Sır Üstüne...

Sizin sırrınız olan bir şey bir başkası için asla bir “sır” kadar önemli olmaz. 

İnsan bencildir, her durumda istese de istemese de kendini kayırır. İstisnasız kendininki kadar önemli bir sır taşıdığını bildiği birine sırrını verir. Sonra da bunun adını ona güvenmekle ilişkilendirir. Güven kadar bencilce sınırlandırılmış pek çok şey biliyorum. Bunlardan birine de “inanç” deniyor. Her neyse, bu başka bir mevzunun içeriği…

Birine sır vermek karşılığında kayıtsız bir teslimiyet alma ihtimali çok cezbedici bir şeydir. Sırrınızı verdiğiniz o biri, sizin ona güvenmeniz karşılığında size "güven" duyacak,  büyük olasılıkla o da size bir sırrını verecektir. Size verdiği sır sizin ona verdiğiniz sırrın önemiyle şüphesiz doğru orantılı bir değerde olur. Bu önem kestirilemeyen bir şey olduğundan karşınızdakinin algısına bağlı olarak bir orantı kurulur. Bu yüzden aldığınız sırrın da verdiğiniz sırrın da hayal kırıklığı yaratması büyük bir başka olasılık. Bu aşk gibi bir şey; bir taraf kesinlikle daha çok sever.

Kısacası kimse kendisine önemli gelen bir sırrın ağırlığını taşıyabilecek kadar güçlü değildir. Bu sır bana ait olsaydı kesinlikle onu vermekten çekinirdim, diye düşünülmesine fırsat kaldığı anda verilmiş sırrınızı unutun. Sizin için ne kadar büyük veya küçük olduğunun önemi yok. Önemli olan karşınızdakinin buna nasıl bir değer biçtiği.

Asla bir insanın sır taşıyabileceğine inanmadım. Bu yüzden hiçbir sırra bir diğerininkinden daha büyük bir değer atfetmedim. Bu da bütün sırları hem gizlemeyecek hem de paylaşılamayacak kadar önemsiz kılldı. Yine de  onlara değer biçmemeyi seçmeye çalışmam değersiz yahut değerli oldukları anlamına gelmez. Sırlar ağırdır...

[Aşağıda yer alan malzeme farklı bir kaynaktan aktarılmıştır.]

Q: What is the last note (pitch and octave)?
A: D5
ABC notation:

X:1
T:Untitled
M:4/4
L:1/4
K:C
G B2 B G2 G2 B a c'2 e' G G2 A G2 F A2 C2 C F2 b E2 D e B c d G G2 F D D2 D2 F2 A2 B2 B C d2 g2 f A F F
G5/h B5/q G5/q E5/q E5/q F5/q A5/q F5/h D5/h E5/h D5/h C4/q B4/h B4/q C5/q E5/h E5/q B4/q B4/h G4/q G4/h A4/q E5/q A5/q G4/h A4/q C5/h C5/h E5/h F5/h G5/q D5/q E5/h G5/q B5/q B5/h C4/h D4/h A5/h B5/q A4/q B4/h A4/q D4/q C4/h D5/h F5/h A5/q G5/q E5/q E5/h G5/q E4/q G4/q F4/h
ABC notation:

Neye inanmak istiyorsunuz ve neye inanıyorsunuz? İnanmak istediğiniz şeyle inandığınız şey arasında bir ufuk çizgisi var. Sırların paylaşılması ve paylaşılamaması arasındaki çizgi gibi... Tercihlerin bencillikle ilişkisinde olduğu gibi...

Karşınızda kayıtsız bir teslimiyet ya da bir sır arıyorken kendinizi kayırıyorsanız, sizin için önemli olan ancak herkesin bildiği bir şeyden sırrınızmış gibi bahsetmeyi deneyin. 

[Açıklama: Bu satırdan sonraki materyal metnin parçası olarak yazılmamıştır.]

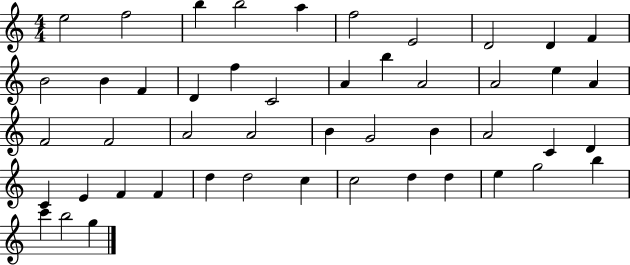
E5/h F5/h B5/q B5/h A5/q F5/h E4/h D4/h D4/q F4/q B4/h B4/q F4/q D4/q F5/q C4/h A4/q B5/q A4/h A4/h E5/q A4/q F4/h F4/h A4/h A4/h B4/q G4/h B4/q A4/h C4/q D4/q C4/q E4/q F4/q F4/q D5/q D5/h C5/q C5/h D5/q D5/q E5/q G5/h B5/q C6/q B5/h G5/q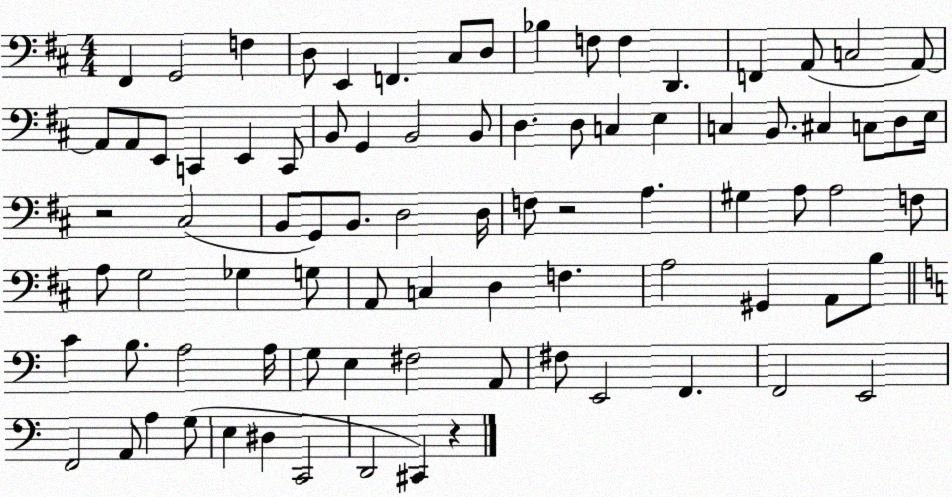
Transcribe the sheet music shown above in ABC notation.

X:1
T:Untitled
M:4/4
L:1/4
K:D
^F,, G,,2 F, D,/2 E,, F,, ^C,/2 D,/2 _B, F,/2 F, D,, F,, A,,/2 C,2 A,,/2 A,,/2 A,,/2 E,,/2 C,, E,, C,,/2 B,,/2 G,, B,,2 B,,/2 D, D,/2 C, E, C, B,,/2 ^C, C,/2 D,/2 E,/4 z2 ^C,2 B,,/2 G,,/2 B,,/2 D,2 D,/4 F,/2 z2 A, ^G, A,/2 A,2 F,/2 A,/2 G,2 _G, G,/2 A,,/2 C, D, F, A,2 ^G,, A,,/2 B,/2 C B,/2 A,2 A,/4 G,/2 E, ^F,2 A,,/2 ^F,/2 E,,2 F,, F,,2 E,,2 F,,2 A,,/2 A, G,/2 E, ^D, C,,2 D,,2 ^C,, z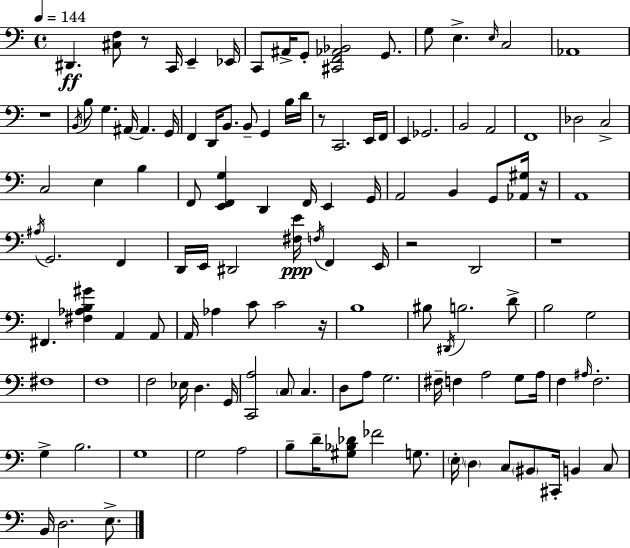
D#2/q. [C#3,F3]/e R/e C2/s E2/q Eb2/s C2/e A#2/s G2/e [C#2,F2,Ab2,Bb2]/h G2/e. G3/e E3/q. E3/s C3/h Ab2/w R/w B2/s B3/e G3/q. A#2/s A#2/q. G2/s F2/q D2/s B2/e. B2/e G2/q B3/s D4/s R/e C2/h. E2/s F2/s E2/q Gb2/h. B2/h A2/h F2/w Db3/h C3/h C3/h E3/q B3/q F2/e [E2,F2,G3]/q D2/q F2/s E2/q G2/s A2/h B2/q G2/e [Ab2,G#3]/s R/s A2/w A#3/s G2/h. F2/q D2/s E2/s D#2/h [F#3,E4]/s F3/s F2/q E2/s R/h D2/h R/w F#2/q. [F#3,Ab3,B3,G#4]/q A2/q A2/e A2/s Ab3/q C4/e C4/h R/s B3/w BIS3/e D#2/s B3/h. D4/e B3/h G3/h F#3/w F3/w F3/h Eb3/s D3/q. G2/s [C2,A3]/h C3/e C3/q. D3/e A3/e G3/h. F#3/s F3/q A3/h G3/e A3/s F3/q A#3/s F3/h. G3/q B3/h. G3/w G3/h A3/h B3/e D4/s [G#3,Bb3,Db4]/e FES4/h G3/e. E3/s D3/q C3/e BIS2/e C#2/s B2/q C3/e B2/s D3/h. E3/e.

Bakalım vicdanınız size bir sır verecek mi?

Vicdan: Neyse ki herkes bu numarayı yutacak kadar aptal değil. Neyse ki ben bütün korkak zekileri korurum. Tada, diyorsa sizi deniyordur, yemeyin.

 (Fa Yeung Nin Wa (2000) Wong Kar-wai - Tony Leung as Chow Mo-wan and Ping Lam Siu as Ah Ping)


Chow Mo-wan: - Eğer birinin kimseyle paylaşmak istemediği bir sırrı varsa ne yapardı biliyor musun?

Ah Ping: - Hiçbir fikrim yok.

Chow Mo-wan: - Bir dağa çıkar, bir ağaç bulur ağacın üzerine bir delik açar ve sırrını o deliğe fısıldardı. Ve onu çamurla örterdi. Böylece sır orada sonsuza kadar kalırdı.

Ah Ping: - Ne acı! Gidip yatacağım.

Chow Mo-wan: - Herkes senin gibi değil.

Ah Ping: - Ben sadece ortalama bir insanım, senin gibi sırlarım yok. Sen hislerini saklarsın! Bana bir şey söyle!

Chow Mo-wan: - Benim hiç sırrım yok.

Ah Ping: - Söylesene, dostum! Kimseye söylemem.